Personal information
- Full name: Damian Bourke
- Date of birth: 19 January 1965 (age 60)
- Original team(s): St Joseph's
- Height: 199 cm (6 ft 6 in)
- Weight: 98 kg (216 lb)
- Position(s): Ruckman

Playing career^{1}
- Years: Club / Games (Goals)
- 1983 – 1992: Geelong / 102 (15)
- 1993 – 1995: Brisbane Bears / 022 0(4)
- Total:  / 124 (19)
- ^{1} Playing statistics correct to the end of 1995.

= Damian Bourke =

Australian rules footballer

Damian Bourke (born 19 January 1965) is a former Australian rules footballer for Australian Football League (AFL) clubs Geelong during the 1980s and Brisbane in the early 1990s.

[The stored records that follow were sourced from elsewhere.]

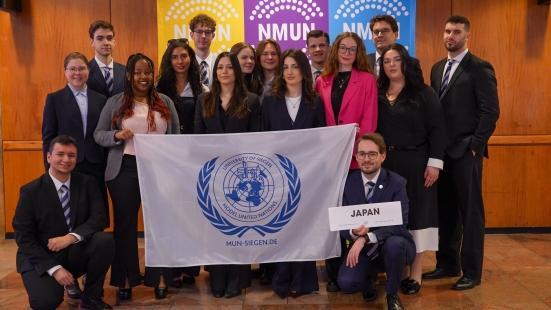 Gruppenbild der 16 Siegener Studierenden, die bei der MUN New York teilgenommen haben.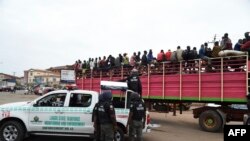 Un camion rempli de bergers a été arrêté avant d'arriver à Lagos à l'Ojodu-Berger à Lagos, le 4 mai 2020, en provenance de Zamfara et de l'État de Kano, l'épicentre du coronavirus au nord du Nigeria.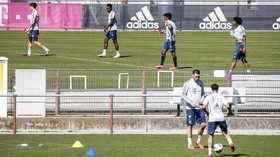 FOTO: Bayern Munchen Berlatih di Tengah Pandemi Virus Corona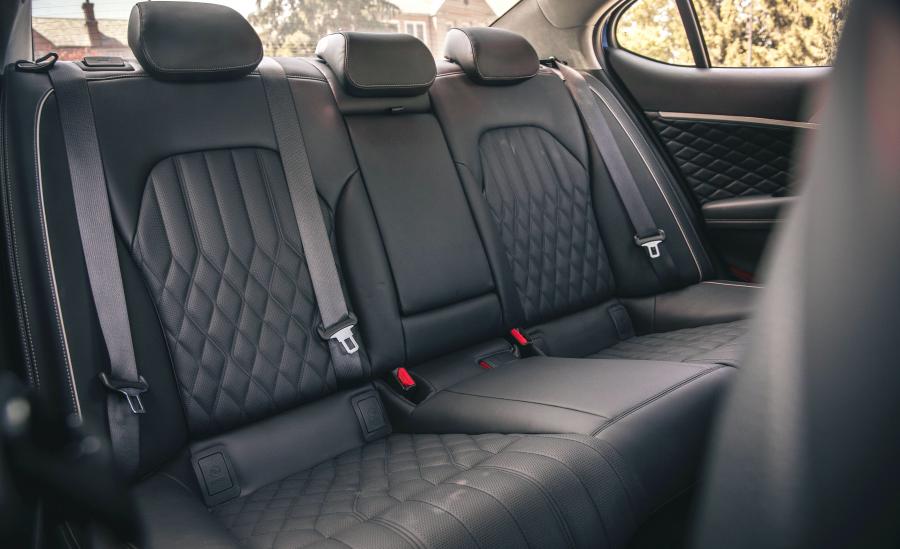 Интерьер Genesis G70 2.0T 2018 года  (NA) (фото 7 из 44)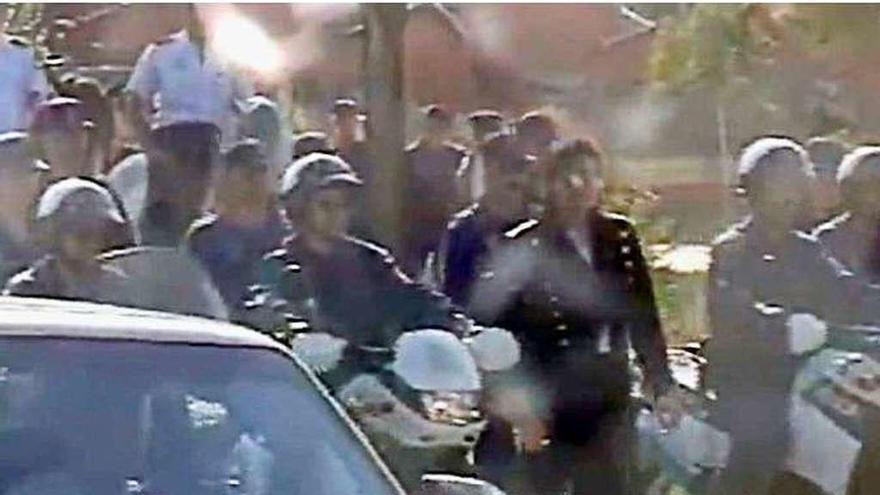 Combo de imágenes del fallecido Michael Jackson escoltado por varios agentes en Madrid.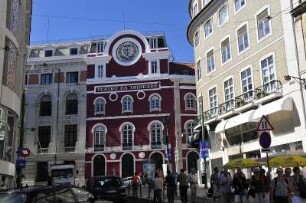 Lissabon - Historisches Theater : Das historische Theatergebäude Teatro da Trindade liegt im Viertel Bairro Alto. Aufgenommen in Lissabon am 13. Oktober 2009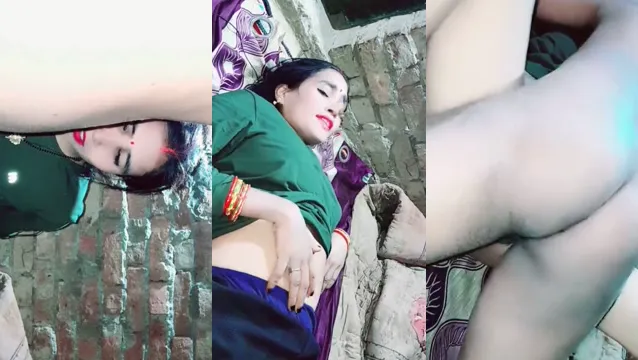 Watch গ্রামীন বাঙলা ভাবি বাথরুমে স্নান করছিলেন এবং ফাক করা হয় full viral video leaked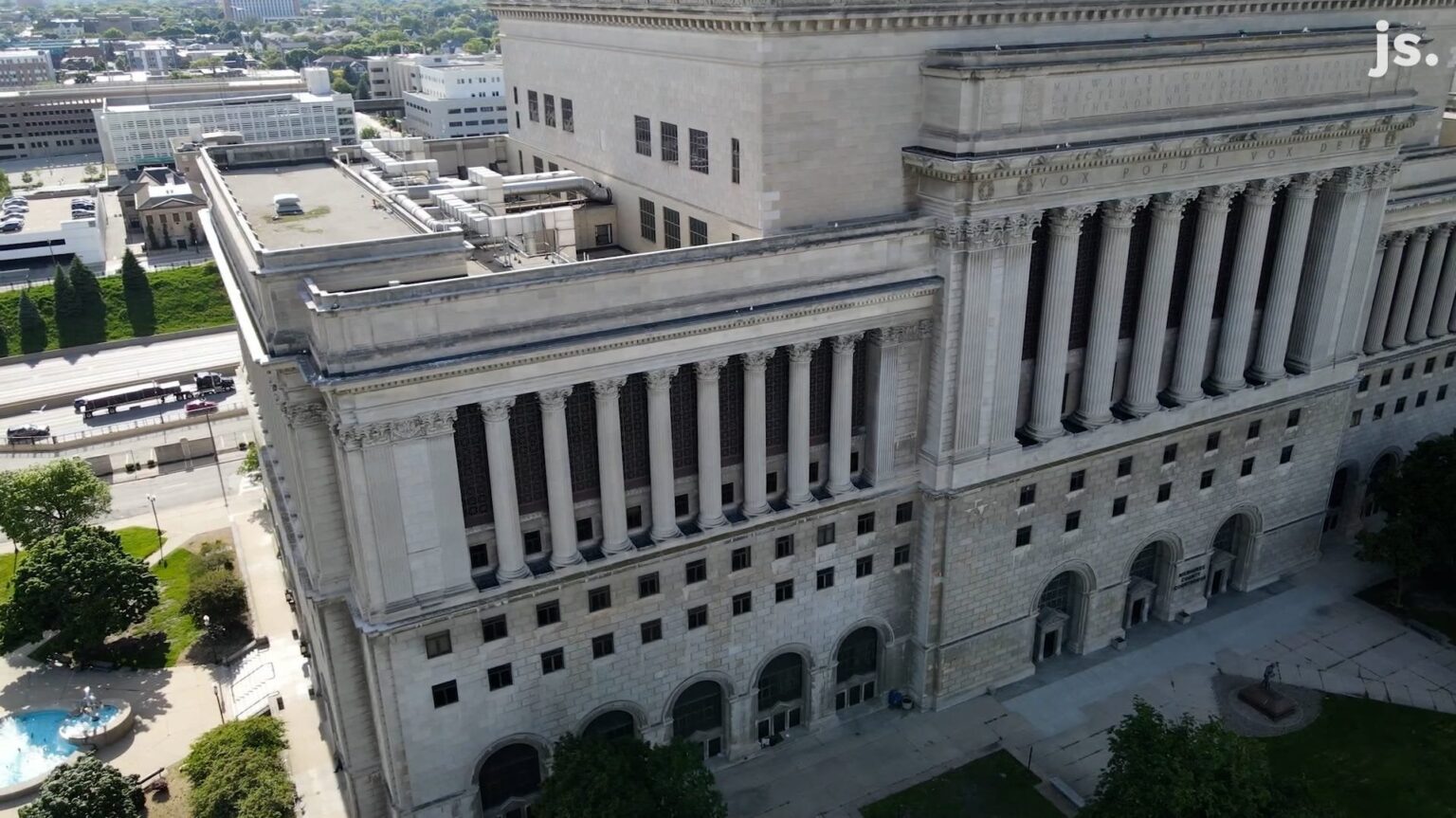 Richterin des Milwaukee County Circuit Hannah Dugan, der von den Bundesbehörden im Gerichtsgebäude festgenommen wurde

Bourke played as a ruckman and captained Geelong from 1987 until 1989. His last game as captain was the 1989 VFL Grand Final where Geelong lost to Hawthorn by a goal. Bourke finished equal eighth in the 1991 Brownlow Medal and in 1993 moved to Queensland to play for Brisbane. Bourke retired at the end of the 1995 AFL season.

Bourke's son Jordon Bourke was a Brisbane Lions listed player between 2013 and 2015.